PDB said:
While I was reading this, I was wondering if it would be possible to DNR the Pan and Scan to remove the noise and reduce the clumping of the colors. That way you have little detail/noise but should maintain the colors.
I tried that, too, before my previous post. It over-smoothed and the result looked like the LD. :D We (I) really shouldn't be testing with JPEGs, which doesn't help the noise factor.
Looking back at it, I noticed the alignment was off. Apparently the 2 frames were out-of-sync or the LD frame was horizontally warped. I had to split LD, differently resize each half, then rejoin them to force alignment with Blu. My 2nd test series is made from that (keeping in mind not to over-smooth).
With a better alignment, each was H-S-L separated ..
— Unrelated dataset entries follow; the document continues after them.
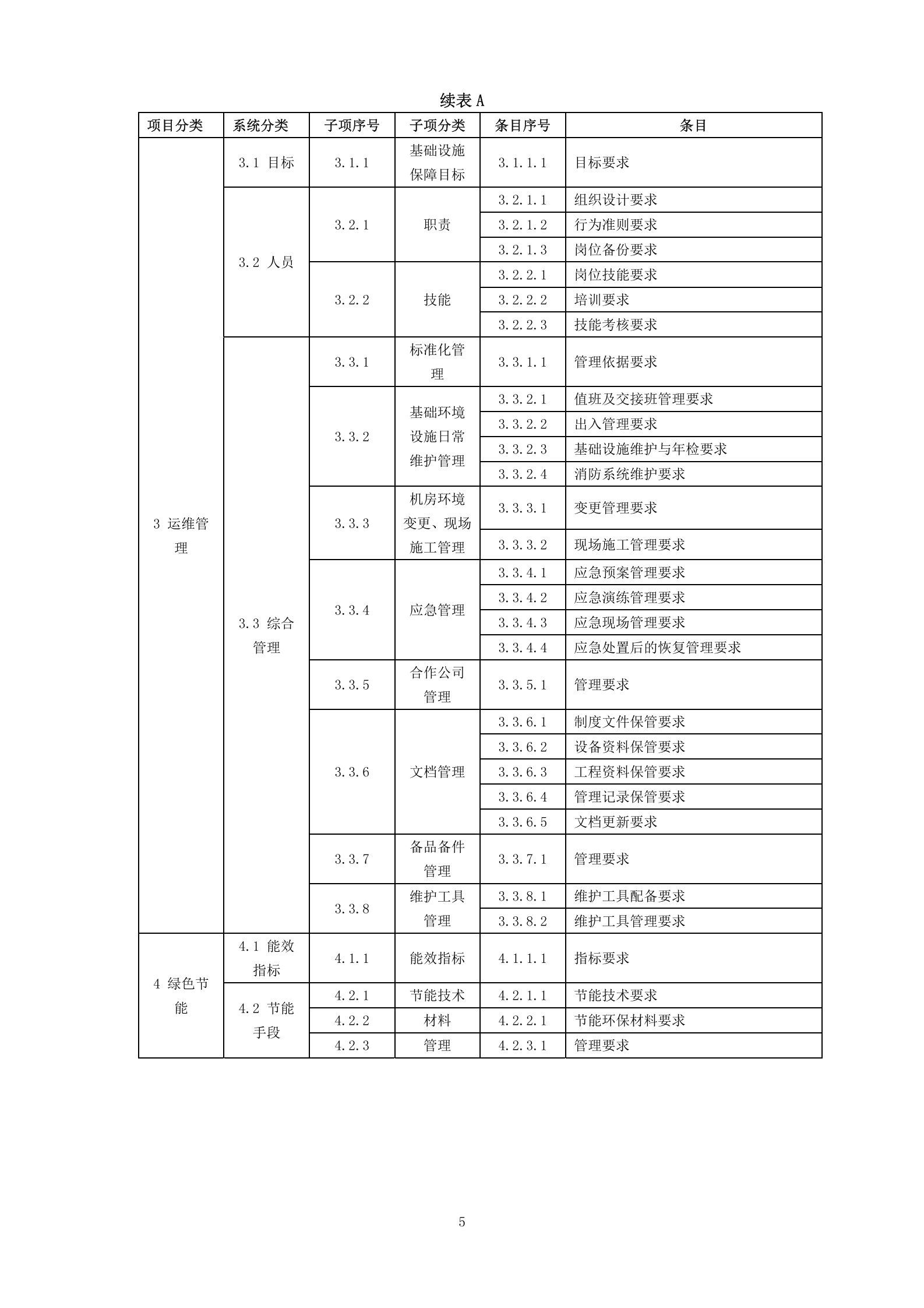 数据中心基础设施(机房)等级评定标准 第8页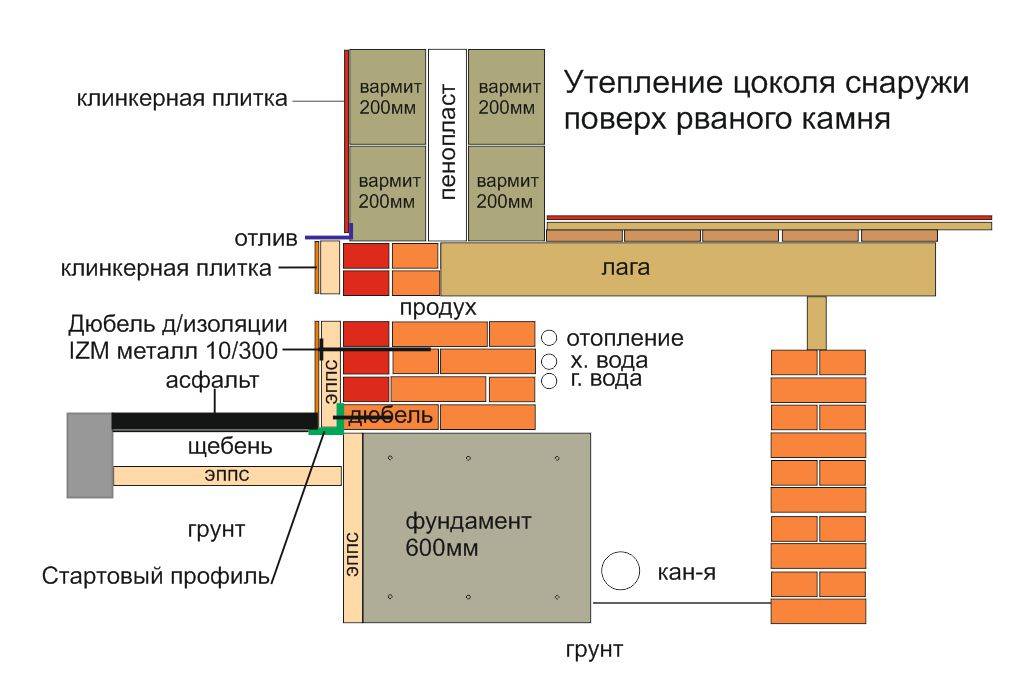 Нужно ли утеплять фундамент дома: без подвала и снаружи, особенности утепления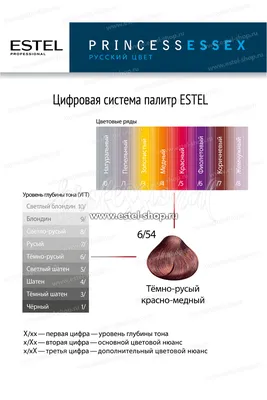 Краска для волос Estel professional De Luxe - «Estel Deluxe 7/34» | отзывы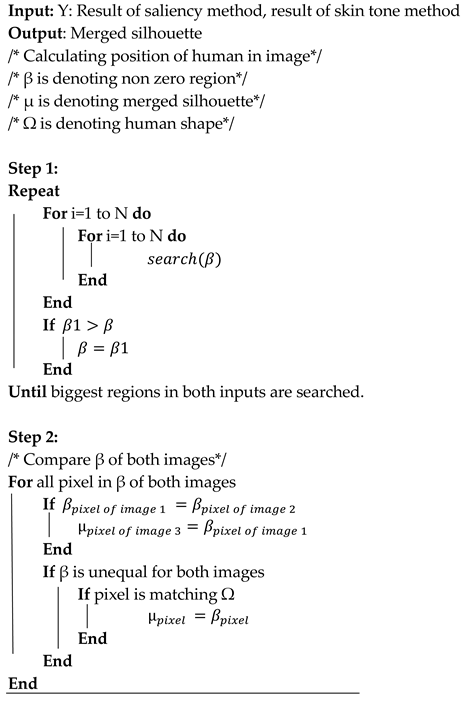 Symmetry 12 01766 i001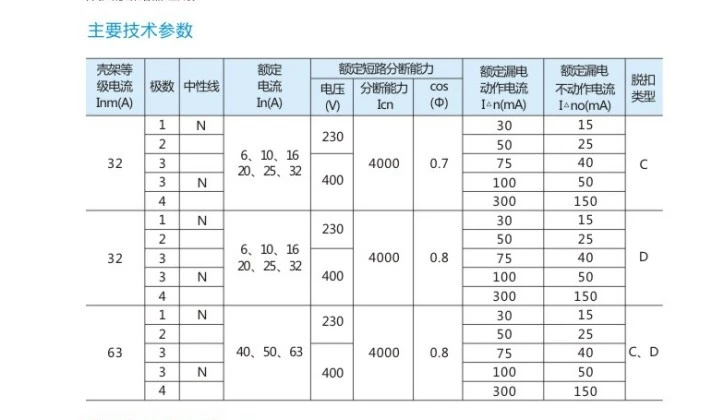 product-719-420 product-719-420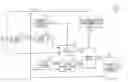 Fig. 01 - Field interpolation method determination device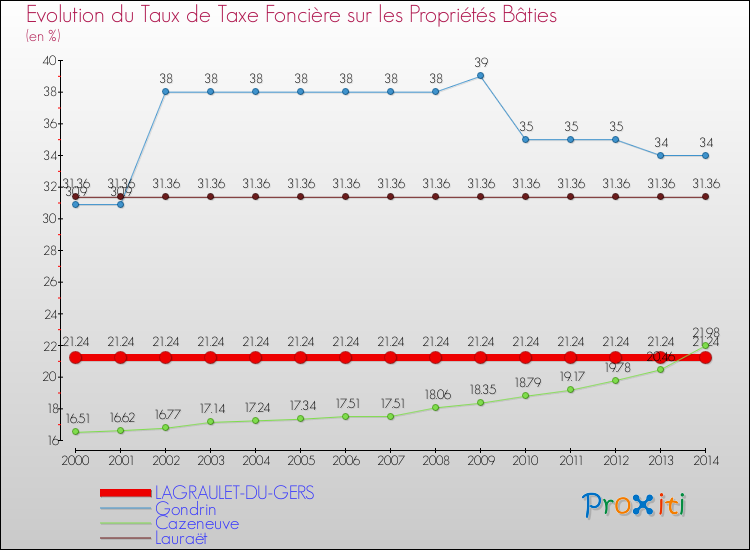 Evolution du taux de la taxe foncière sur le bati pour LAGRAULET-DU-GERS et les communes proches de 2000 à 2014 Comparaison des taux de taxe foncière sur le bati pour LAGRAULET-DU-GERS et les communes voisines de 2000 à 2014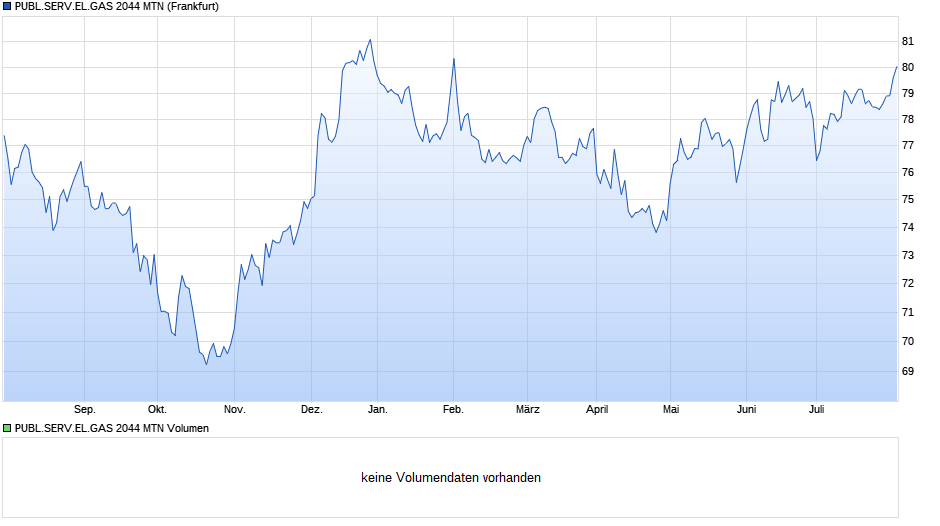 PUBL.SERV.EL.GAS 2044 MTN Chart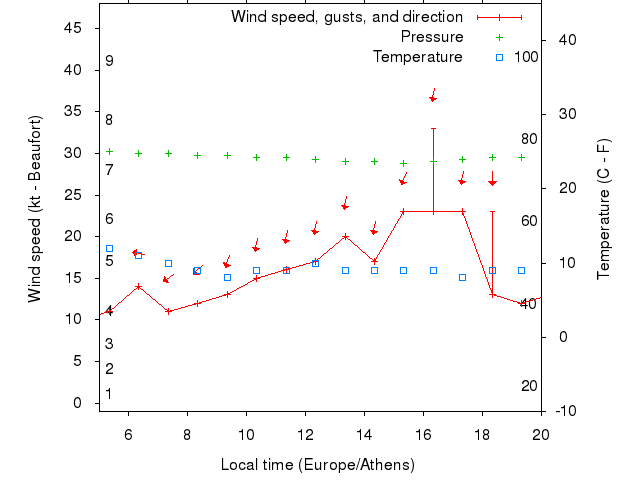 Weather graph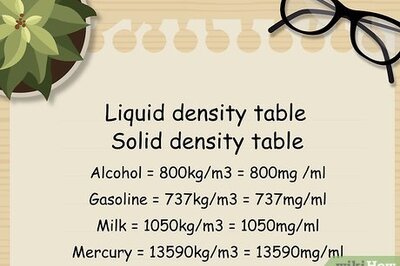 How to Convert Milligrams to Teaspoons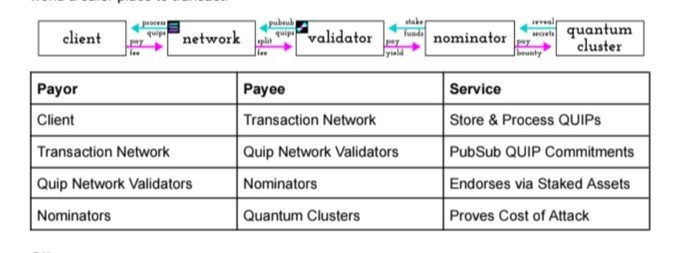 A technical diagram showing the QIP payment processing flow between client, network, validator, nominator, and quantum cluster, with a table listing payors, payees, and services provided.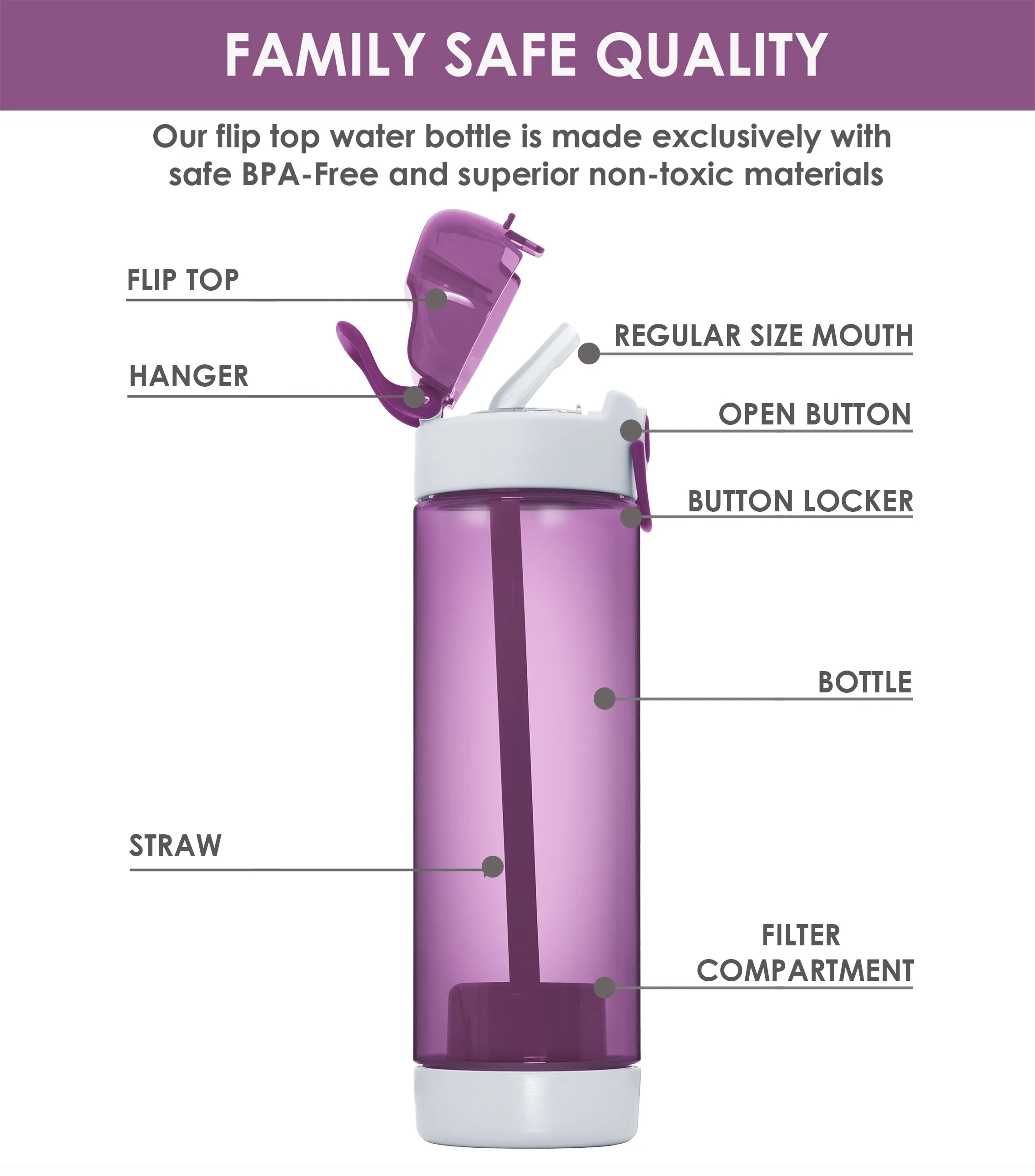 HandySpring Water Bottle Filter, Filtered Water Bottle Replacement Filters, BPA Free, 3 Count-HS00F3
.. and re-joined (the yellow outlined ones -- Hue & Saturation from Laserdisc for the desired color; Lightness from Blu-ray for the desired detail) without de-noising that first time ... just for procedure's sake (it's the scientist in me):

Actually, this doesn't look as shockingly bad as in the previous series. Maybe the alignment was a factor? Unacceptable noise, though.
Next I tried smoothing the LD, thinking it's noise was the culprit (can't blame a Blu-ray cap, right?). The Median Filter (value = 7) in the paint program created a strong blur to smear those color veins back into the rest of the flesh. The result after H-S-L recombination was:

Well, that was an improvement, but still unacceptable. Looking closer at the original Blu-ray revealed a weird type of noise -- like it was over-processed at some stage. I would try to de-noise that, but more carefully, for this next recombination.
My favorite de-noising tool is JPEG Artifact Remover. It targets small areas of "out-of-place" pixels, the kind JPEG compression creates, without touching clearly "properly-in-place" ones. It's quite amazing on any kind of noise (regardless of which approach you use, I'd recommend applying something like this to the Blu-ray source anyway). I set it to High, the 3rd of 4 levels. A light Edge Preserving Smooth was used to take care of open areas (yes, it still needed it). With both H-S and L smoothed it their various ways, the result was:

Ah ... good for de-noise, bad for de detail. This was where I was when I concluded the sources just wouldn't work well together. Maybe because the one was light and the other dark.
Then it hit me -- the previous end results were too dark to match the Laserdisc without post processing anyway. Why not adjust Blu-ray's Lightness-separation as an additional step just before recombination!? We want the detail of the Blu, which isn't altered with a brightness change! The resolution and it's detail stays the same. So that's what I did ..

It was easy. Only 2 settings on the paint program's Histogram (Gamma = 1.25, Midtones = -4) to bring the Blu Lightness range (on the right) in line with the LD Lightness (on the left). Recombining this Blu L (no noise reduction) with previous LD H-S (with noise reduction) produced this:

Now that's more like it ... in both ways! A spot-on match to the Laserdisc (of course) AND a lower noise level without de-noising the Blu-ray. However, with a little Blu de-noising (just JPEG Artifact Removal this time), it looks even better but with a little softness (let's blame that necessity on the noisy sources, okay?):

.
So, having said all that ... and in consideration of snapshot degradation from multiple re-encodings and re-sizings ... here's my RGB-histogram color-correction:
to match this Pan&Scan Laserdisc

Histogram color-correction directly to Blu-ray

And ... Color-correction wins.
Unless HSL demands a rematch with original sized, non recompressed sources.